La luz baña el cubrecama. Poco a poco, todo se hace nítido. Dentro de esa nube de ensueño que me envuelve, algo se agita. Estoy quieta, con las manos tomadas sobre el pecho; tengo una extraña sensación, como de ausencia.
Ya la luz cubre todo. Las sábanas caen hacia un costado y mi remera se eleva justo bajo las manos. “Algo” asoma bajo el dobladillo. Observo, atenta (no tiemblo, no temo), la masa redonda y negra que nace del blanco de mi ropa. Primero, tres rígidos hilos, perfectamente articulados, tantean alrededor; casi de inmediato, dos esferas perfectas, sostenidas por ocho largas patas, se impulsan con un solo salto al bajo vientre. Camina dos enredados pasos hacia mi pierna izquierda y allí se detiene.
En el sueño, mi corazón reposa. Su sereno latido acompasa los movimientos de la araña, quien rota su cabeza y encuentra mis ojos.
Ahora mi corazón repica: esa mirada grita… Es una despedida… El adiós de quien jamás volveremos a ver…
Sonrío con tristeza, comprendo su lenguaje de secretos y de esperas.
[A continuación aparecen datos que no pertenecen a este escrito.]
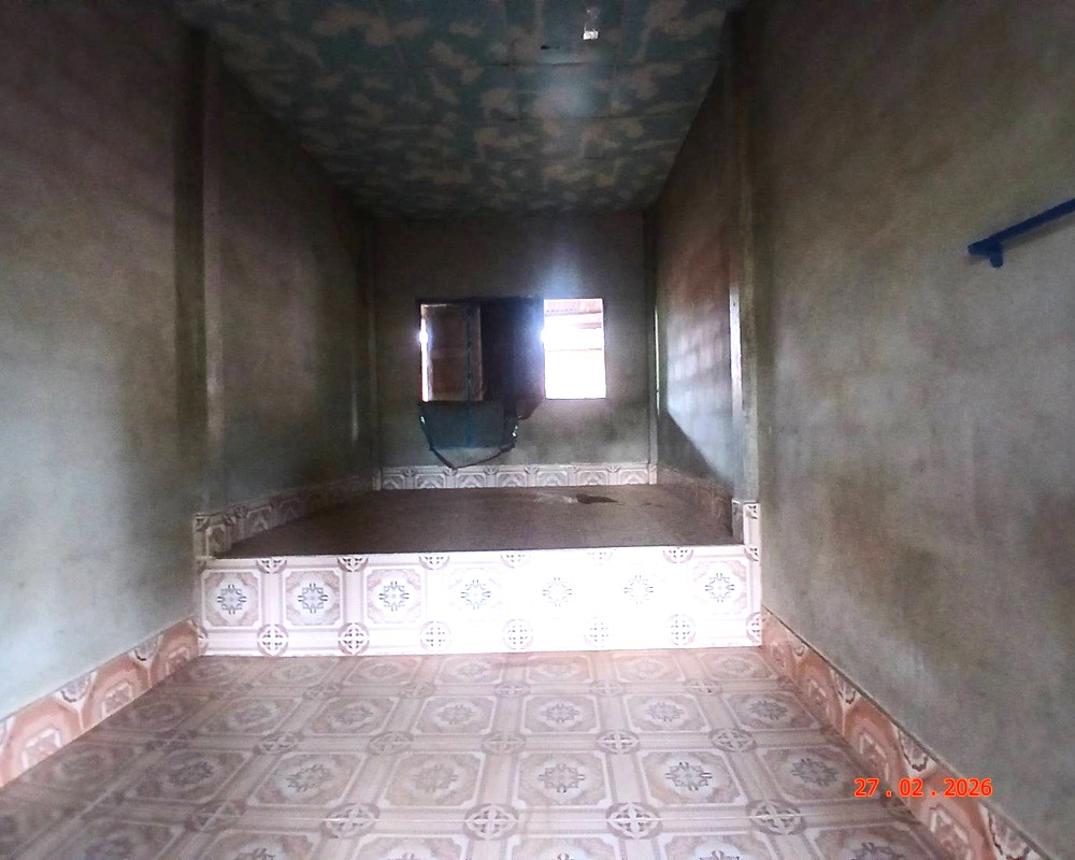 picture HOME 127 Sq.w. Ban Muang Sakon Nakhon for 727,000 - 14/24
La araña gira y se desliza por el borde de la sábana hasta el piso. Al llegar a la puerta de mi habitación desaparece en la oscuridad de la noche.
Despierto sobresaltada con el vibrar del teléfono sobre la mesa del comedor. Entre las sábanas que aferro y protegen mi angustia, emerge el susurro del adiós definitivo, de la despedida abrumadora de la muerte.